Uma comparação histórica chama a atenção. Em 2017, quando Neymar foi vendido pelo Barcelona ao PSG, a transferência custou 222 milhões de euros. Sozinho, Neymar valia naquela época cerca de 27% de todo o elenco brasileiro atual. Um único jogador representava mais de um quarto do valor de mercado de toda a Seleção de 2026.

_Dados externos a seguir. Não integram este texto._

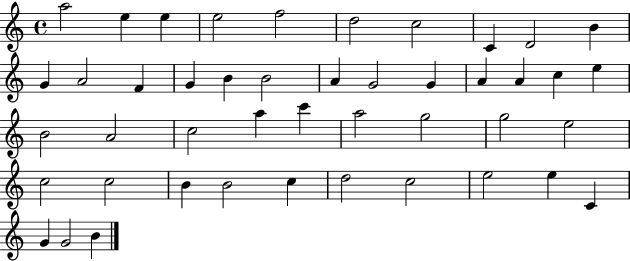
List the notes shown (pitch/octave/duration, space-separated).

A5/h E5/q E5/q E5/h F5/h D5/h C5/h C4/q D4/h B4/q G4/q A4/h F4/q G4/q B4/q B4/h A4/q G4/h G4/q A4/q A4/q C5/q E5/q B4/h A4/h C5/h A5/q C6/q A5/h G5/h G5/h E5/h C5/h C5/h B4/q B4/h C5/q D5/h C5/h E5/h E5/q C4/q G4/q G4/h B4/q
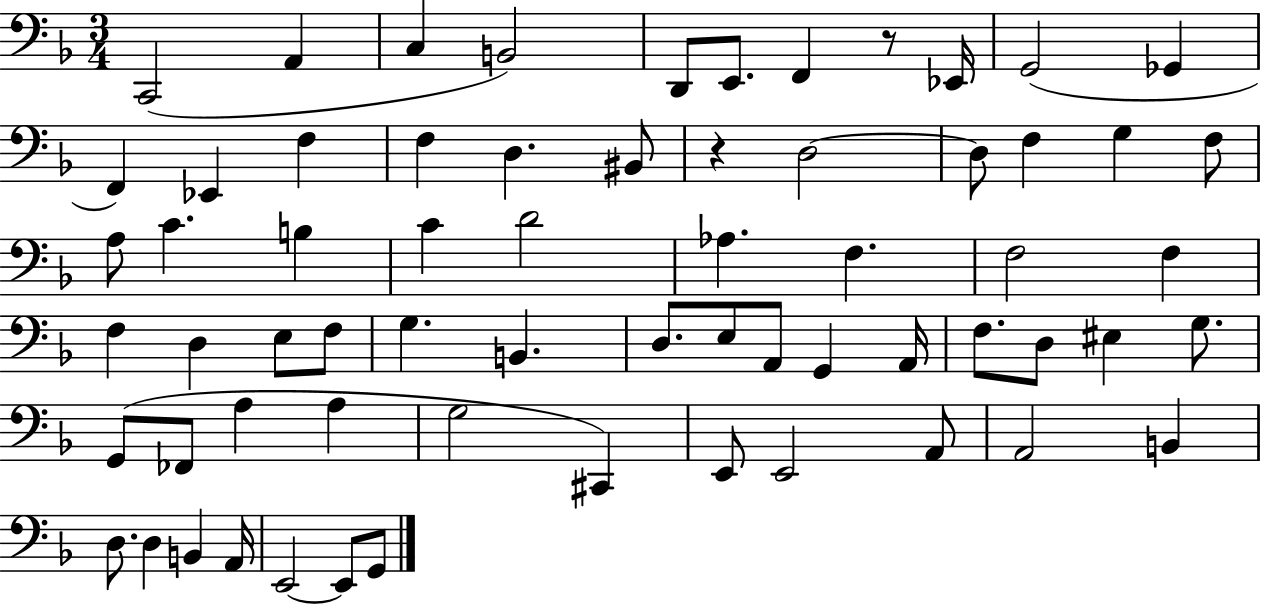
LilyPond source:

{
  \clef bass
  \numericTimeSignature
  \time 3/4
  \key f \major
  c,2( a,4 | c4 b,2) | d,8 e,8. f,4 r8 ees,16 | g,2( ges,4 | \break f,4) ees,4 f4 | f4 d4. bis,8 | r4 d2~~ | d8 f4 g4 f8 | \break a8 c'4. b4 | c'4 d'2 | aes4. f4. | f2 f4 | \break f4 d4 e8 f8 | g4. b,4. | d8. e8 a,8 g,4 a,16 | f8. d8 eis4 g8. | \break g,8( fes,8 a4 a4 | g2 cis,4) | e,8 e,2 a,8 | a,2 b,4 | \break d8. d4 b,4 a,16 | e,2~~ e,8 g,8 | \bar "|."
}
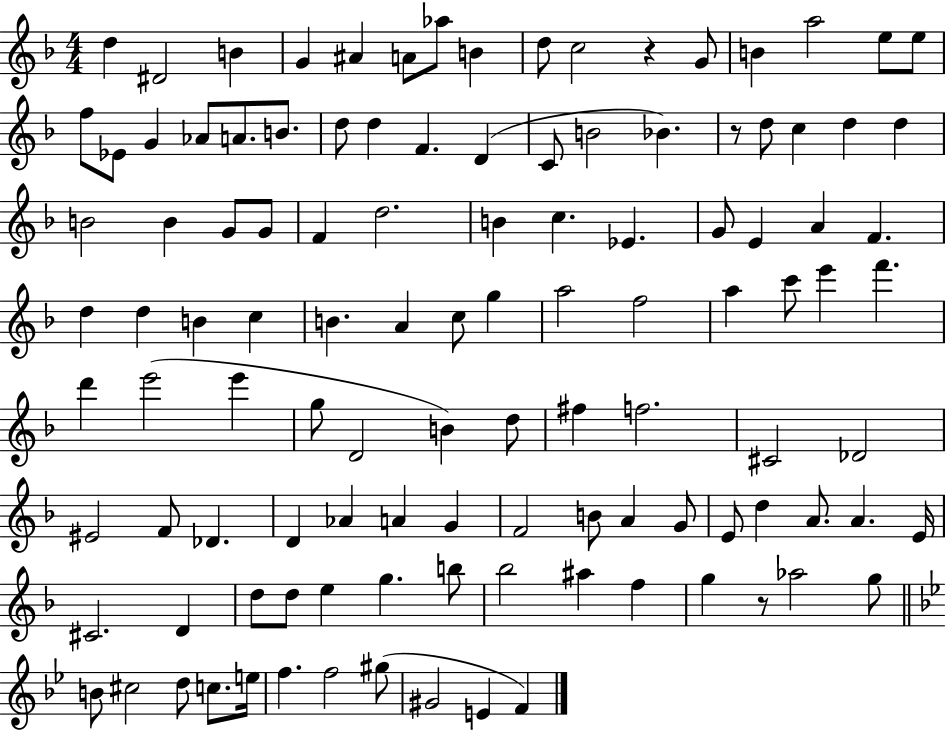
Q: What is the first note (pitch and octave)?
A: D5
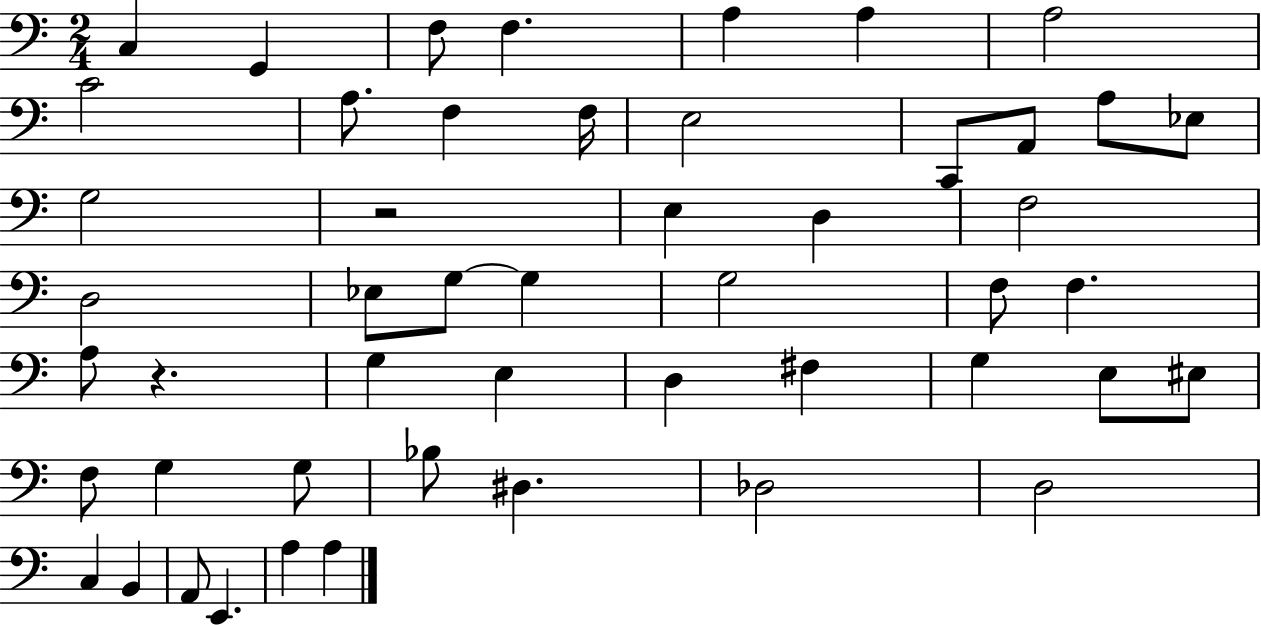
X:1
T:Untitled
M:2/4
L:1/4
K:C
C, G,, F,/2 F, A, A, A,2 C2 A,/2 F, F,/4 E,2 C,,/2 A,,/2 A,/2 _E,/2 G,2 z2 E, D, F,2 D,2 _E,/2 G,/2 G, G,2 F,/2 F, A,/2 z G, E, D, ^F, G, E,/2 ^E,/2 F,/2 G, G,/2 _B,/2 ^D, _D,2 D,2 C, B,, A,,/2 E,, A, A,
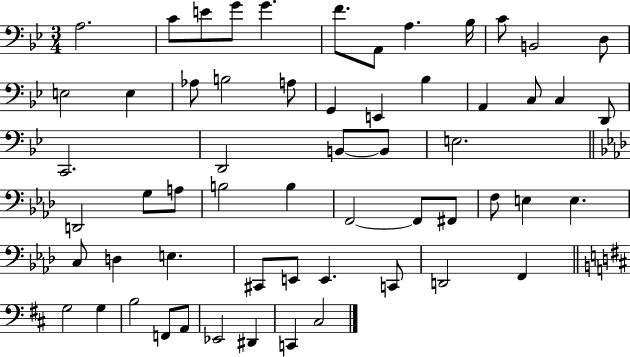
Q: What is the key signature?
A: BES major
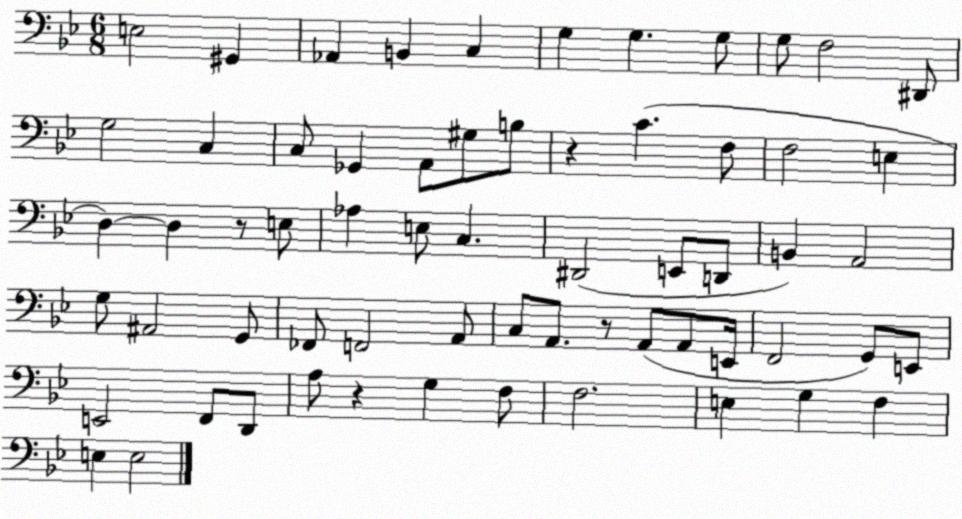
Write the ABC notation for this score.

X:1
T:Untitled
M:6/8
L:1/4
K:Bb
E,2 ^G,, _A,, B,, C, G, G, G,/2 G,/2 F,2 ^D,,/2 G,2 C, C,/2 _G,, A,,/2 ^G,/2 B,/2 z C F,/2 F,2 E, D, D, z/2 E,/2 _A, E,/2 C, ^D,,2 E,,/2 D,,/2 B,, A,,2 G,/2 ^A,,2 G,,/2 _F,,/2 F,,2 A,,/2 C,/2 A,,/2 z/2 A,,/2 A,,/2 E,,/4 F,,2 G,,/2 E,,/2 E,,2 F,,/2 D,,/2 A,/2 z G, F,/2 F,2 E, G, F, E, E,2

O dado mostra uma mudança na base do futebol brasileiro. O país que produziu Pelé, Ronaldo, Romário, Rivaldo, Ronaldinho Gaúcho e o próprio Neymar hoje não tem uma superestrela consolidada. O mercado vê um grupo equilibrado, mas sem um craque incontestável.
Outro ponto que reforça essa percepção é o jogador mais valioso da Seleção Brasileira. É o atacante Rayan, revelado pelo Vasco e hoje no futebol inglês, avaliado em 100 milhões de euros. Ele não é titular nem reserva imediato e aparece como terceira opção de Ancelotti para o ataque.
O ranking também coloca em perspectiva alguns adversários. Marrocos, visto como uma seleção perigosa, tem elenco avaliado em cerca de 400 milhões de euros, metade do valor do Brasil. Isso não garante vitória, mas mostra distância financeira entre os dois países.
O dado mais curioso está logo atrás do Brasil. A Argentina, atual campeã mundial, aparece na oitava posição com 764 milhões de euros. Ou seja, vale menos que a Seleção Brasileira segundo o mercado.
A conclusão é que o dinheiro mede talento e potencial, mas não ganha jogos. Se ganhasse, a Inglaterra seria favorita absoluta em todas as Copas.